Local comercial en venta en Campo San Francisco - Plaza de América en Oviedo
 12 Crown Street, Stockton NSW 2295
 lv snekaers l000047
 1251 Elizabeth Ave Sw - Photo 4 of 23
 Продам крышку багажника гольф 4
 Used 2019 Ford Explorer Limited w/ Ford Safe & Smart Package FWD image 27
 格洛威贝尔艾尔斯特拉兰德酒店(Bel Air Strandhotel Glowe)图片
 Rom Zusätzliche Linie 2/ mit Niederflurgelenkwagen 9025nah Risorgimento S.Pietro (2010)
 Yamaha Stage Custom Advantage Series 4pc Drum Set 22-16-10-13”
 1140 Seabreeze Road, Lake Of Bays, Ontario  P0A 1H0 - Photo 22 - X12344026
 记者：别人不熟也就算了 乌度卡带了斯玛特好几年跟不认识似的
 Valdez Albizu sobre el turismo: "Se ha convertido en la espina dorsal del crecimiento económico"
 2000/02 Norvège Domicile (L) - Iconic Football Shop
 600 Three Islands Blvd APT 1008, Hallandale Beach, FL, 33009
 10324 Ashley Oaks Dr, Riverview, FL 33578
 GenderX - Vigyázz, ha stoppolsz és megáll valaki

....................

EXERCISE DESCRIPTION:
Above are the records; copy each line from them that includes the string "Photo".

EXERCISE SOLUTION:
 1251 Elizabeth Ave Sw - Photo 4 of 23
 1140 Seabreeze Road, Lake Of Bays, Ontario  P0A 1H0 - Photo 22 - X12344026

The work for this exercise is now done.